Ok, I tried Macstories with the steps you suggested. It worked like a charm, especially the single-page PDF that retains the styling of the newsletter.

What options exist on converting the Peter Attia website into a PDF? Could I use Keyboard Maestro or something else? Do paywalled sites usually have this issue? How do I log in to an instance of the website in DEVONthink?

BLUEFROG · May 20, 2020, 3:28pm

What options exist on converting the Peter Attia website into a PDF?
Could I use Keyboard Maestro or something else?

That would depend on your creativity, I suppose. I don’t use KM.
I don’t have any specific recommendations on an automatic capture as it’s not a simple matter with so many links and no easily automatic way to determine which are desirable links. In fact, I am a proponent of curation, so converting chosen links would be what I suggest.

Do paywalled sites usually have this issue?

It’s not uncommon, especially since they want to protect their content.

How do I log in to an instance of the website in DEVONthink?

DEVONthink has a WebKit browser built in, so you can add a bookmark to a database and access the page just as you do in your normal web browser.

Here is an example smart rule…

This is a controlled example using a targeted group where bookmarks are added or dropped. They are processed into PDFs in a destination group and the bookmark removed.

ssheth · May 20, 2020, 4:45pm

This is great! Thank you @BLUEFROG

BLUEFROG · May 20, 2020, 5:02pm

You’re very welcome

PS: In case you didn’t know, you can drag links from web pages and they’ll create bookmarks automatically. Check this out…

bookmarkdrag

jooz · May 20, 2020, 6:45pm

I actually had the same issue with exactly same website with the paywall. Thanks for sharing the tips @BLUEFROG I tried to replicate it but this does not seem to work for me.
This is what i configured:

And I am logged into the webpage in the DT webbrowser - i checked it in a separate tab.
But generated PDFs only include content up the paywall … @ssheth were you able to get this working for Peter’s webpage?

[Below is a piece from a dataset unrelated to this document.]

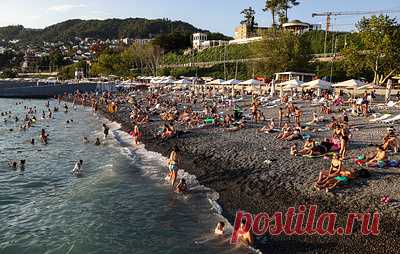 В Сочи турпоток летом 2024 года вырос до 3,2 млн. Мэр Андрей Прошунин добавил, что по итогам года город может выйти на показать турпотока 8 млн человек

BLUEFROG · May 20, 2020, 8:02pm

It would depend on what the bookmark is linked to.
If it’s linked to paywalled data, we can’t control if the content can be clipped properly. It will vary site-to-site.

ssheth · May 21, 2020, 2:16am

Which website is this? I could get Club MacStories to process correctly but not Peter Attia’s paywalled section.

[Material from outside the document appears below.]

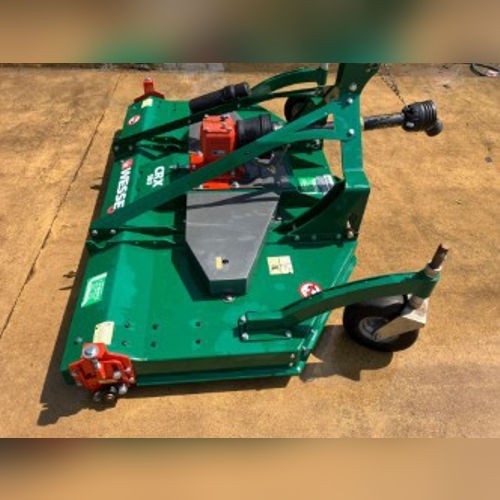 Wessex crx180 roller - wessex, mower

BLUEFROG · May 21, 2020, 6:03am

I just added the About page from his site. I can’t speak to any subscribed content on his site.

jooz · May 21, 2020, 2:25pm

Does not work for me with Peter Atttia’s website.

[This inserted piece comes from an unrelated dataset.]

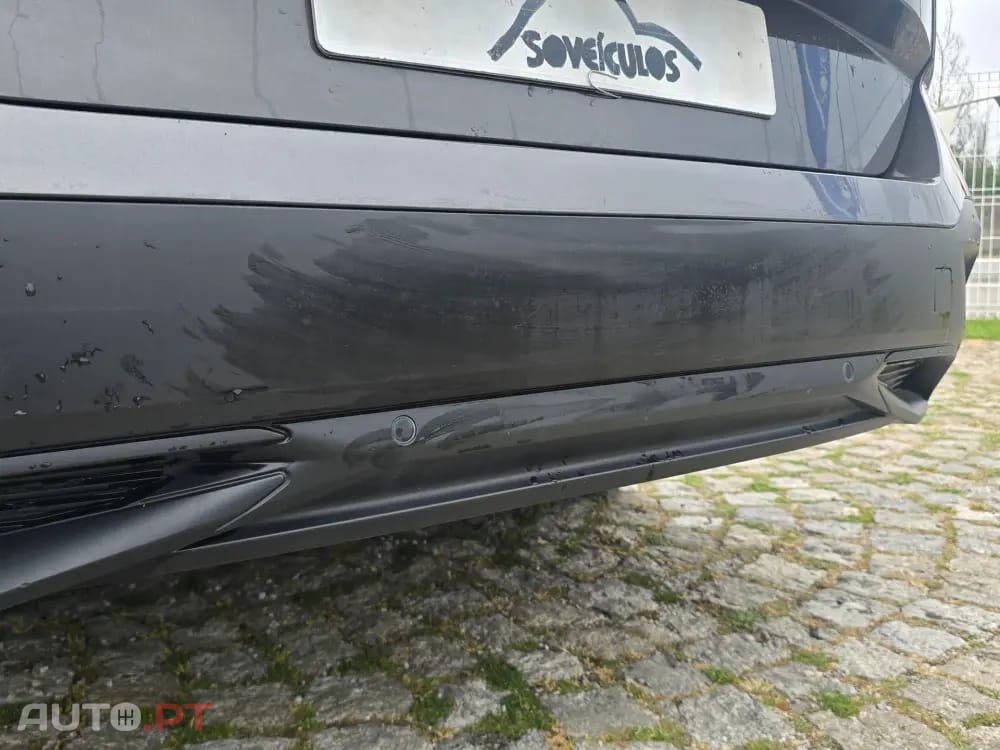 Peugeot 308 SW BlueHDi 130 Active Pack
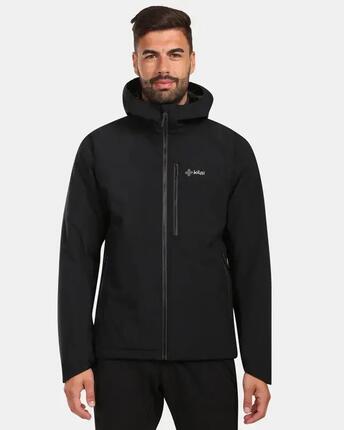 Veste outdoor Kilpi Olvera-M homme noire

ssheth · May 26, 2020, 5:10pm

I can’t sign in to an instance of the Webkit browser from within DEVONthink and I’m getting very inconsistent results from saving the weblocations directly into DEVONthink from DEVONagent. Sometimes, I manage to download the full text in .md and in some instances, it hits the paywall.

Anyone have a bright idea of how to automate this?

BLUEFROG · May 26, 2020, 5:25pm

I can’t sign in to an instance of the Webkit browser from within DEVONthink

Please clarify what you mean by this.

ssheth · May 26, 2020, 5:27pm

Even when I download the web location/webarchive, if I try logging into the paywall, it opens up in Safari and not within DEVONthink.

BLUEFROG · May 26, 2020, 5:39pm

That is a regression in 3.5 that will be addressed in the next maintenance release. You can hold the Command key to open the link in a new tab.

Aurelius · May 26, 2020, 8:45pm

I download a lot of journal articles through my University’s library proxy, so this is something I have been wondering about for a while. Currently, I download the PDFs manually and then drag-and-drop them into DevonTHINK, as the web clipper is not logged into the proxy. But if there is a way for DevonTHINK to use the proxy and directly download the PDFs, that would be quite the time saver.

jooz · May 27, 2020, 6:14pm

My manual work-around is to use “Print” on a webpage (CTRL+P) > save as PDF > Save into DT Inbox which is in Finder.

BLUEFROG · May 28, 2020, 5:13am

Have you tried logging in and browsing the site directly in DEVONthink?